Personal information
- Nationality: American
- Occupation: Polo player
- Years active: 1990s–present
- Children: 1 daughter

Sport
- Sport: Polo
- Club: Great Meadow Polo Club

= John Gobin (polo) =

American six-goal polo player

John S. Gobin is an American six-goal polo player. He won the Westchester Cup in 1992, and has managed the Great Meadow Polo Club in Virginia since 2007.

==Early life==
John S. Gobin grew up in Rehoboth, Massachusetts. He began playing arena polo in interscholastic competitions at the age of fifteen. From the age of seventeen to nineteen, he trained to become a polo player in Argentina.

==Polo==
He began his career by playing with polo patron Geoffrey Kent, the founder of Abercrombie & Kent. He then played on the Budweiser Polo Team. He is now a six-goal polo player.

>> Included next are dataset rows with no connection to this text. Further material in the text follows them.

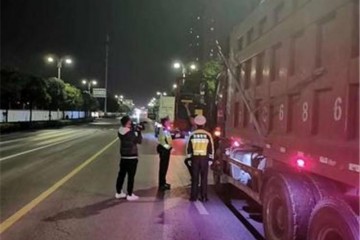 展开交通安全专项整治泰州交警发动飓风举动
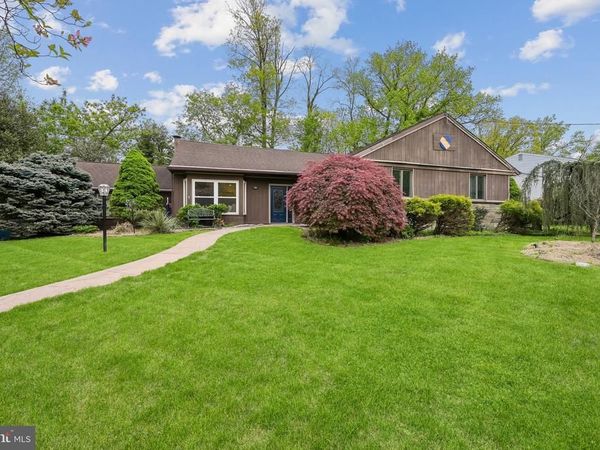 410 NARRAGANSETT DRIVE, CHERRY HILL, NJ 08002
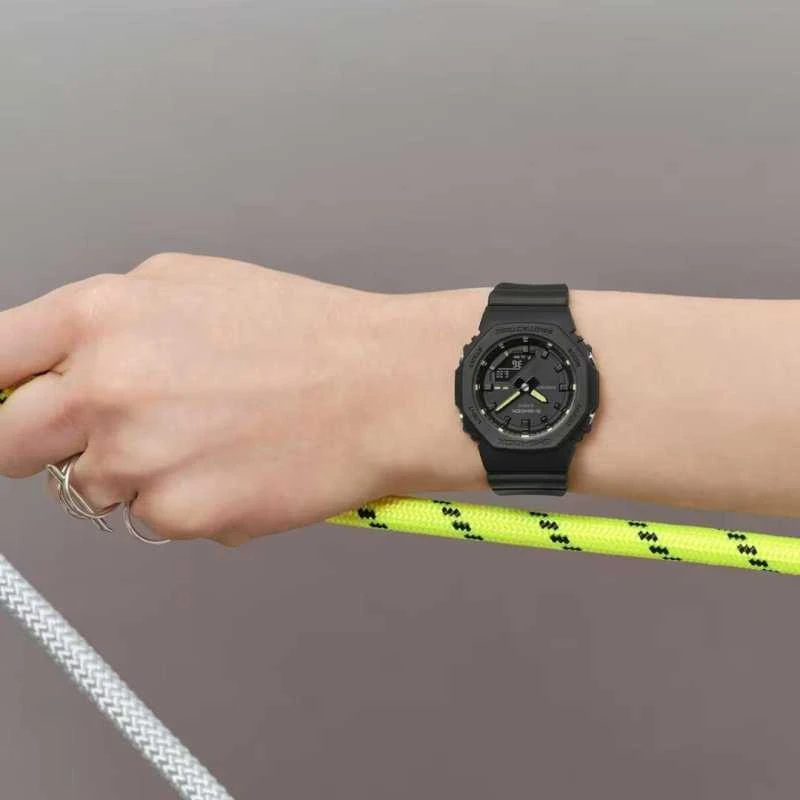 Laikrodis Casio G-shock analoginis-skaitmeninis moteriškas GMA-P2100SA-1A2ER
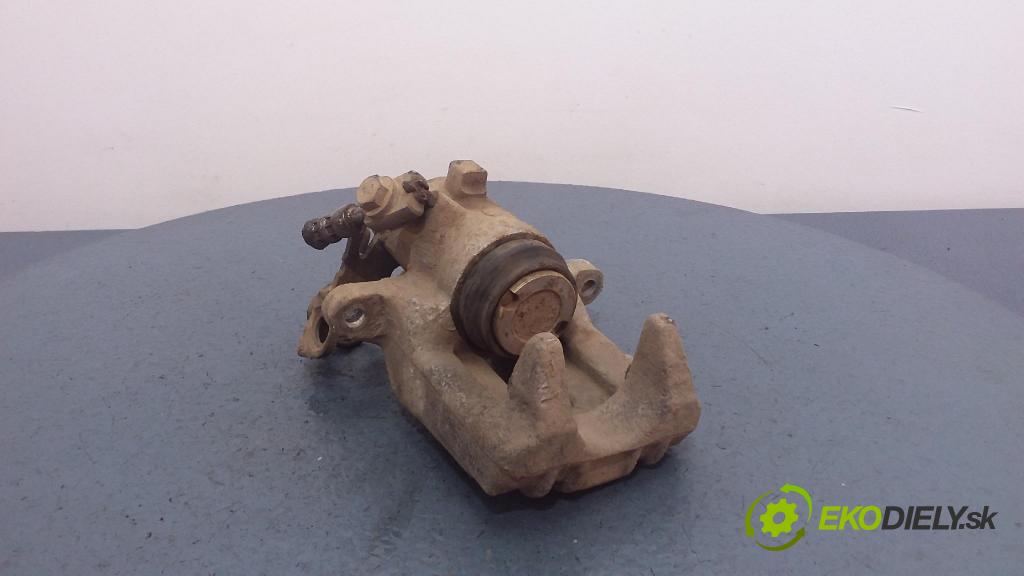 Volkswagen Passat 2004 brzdič brzdový zad Vľavo: 01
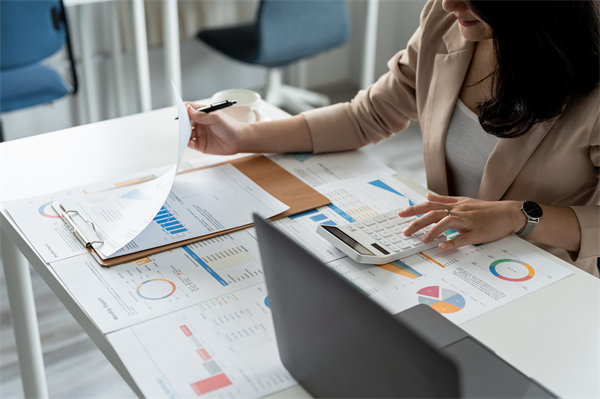 員工福利多樣化趨勢(shì)：哪些非貨幣激勵(lì)可提高滿(mǎn)意度？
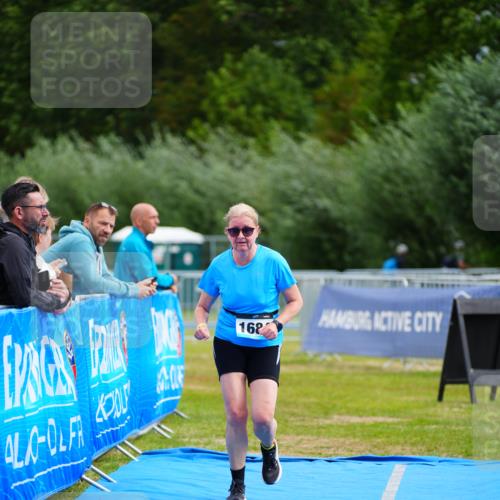 30.08.2026 - Elbe Triathlon Hamburg LAZAROV Photography http://msf.ph/oto/10070132 30.08.2026 12:47:02 Ziel 1684, 1732 meine-sportfotos.de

He won the Westchester Cup alongside Adam Snow, Owen Rinehart and Robert E. Walton at the Guards Polo Club in England in 1992. He won the Camacho Cup on the American team against Mexico in 2009. He has competed on several USA Teams including for the International Polo Tour global polo matches and Team USA against Argentina. He has also played on the Duck Hill Polo Team at the Aiken Polo Club in Aiken, South Carolina. He has also won the U.S. Arena Championships four times and competed on the United States Polo Team against Italy in the America's Polo Cup winning the world cup in 2011. Today he plays on the IPT TEAM USA sponsored by Celebrity Cruises & Hotels at Sea global polo programs.

He has been the manager of the Great Meadow Polo Club in The Plains, Fauquier County, Virginia since 2007.

==Personal life==
He winters in Wellington, Florida, and summers in The Plains, Virginia. He also owns the Four Oaks Farm in Aiken, South Carolina. His wife is an equine veterinarian. They have a daughter.

In March 2024, Gobin was accused by several women of having committed sexual harassment and misconduct when they were teenagers. He counter-sued one of the women and his former business partner in May 2024. Since June 6, 2024, he is the subject of two arrest warrants in Virginia for the misdemeanor of consensual sex with minors.